Find the line with "Standaard Chocoladeletter T" in the records below. Copy it and every line after it, up to and including the line with "海边船只和旗帜旁的旅行照片".
(WORKING DATA)
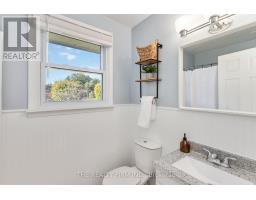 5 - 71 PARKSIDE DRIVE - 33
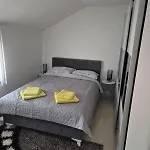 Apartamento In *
(End WORKING DATA)
(WORKING DATA)
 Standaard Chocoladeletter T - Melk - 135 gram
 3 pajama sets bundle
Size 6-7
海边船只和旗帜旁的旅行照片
(End WORKING DATA)
**YOUR SOLUTION:**
 Standaard Chocoladeletter T - Melk - 135 gram
 3 pajama sets bundle
Size 6-7
海边船只和旗帜旁的旅行照片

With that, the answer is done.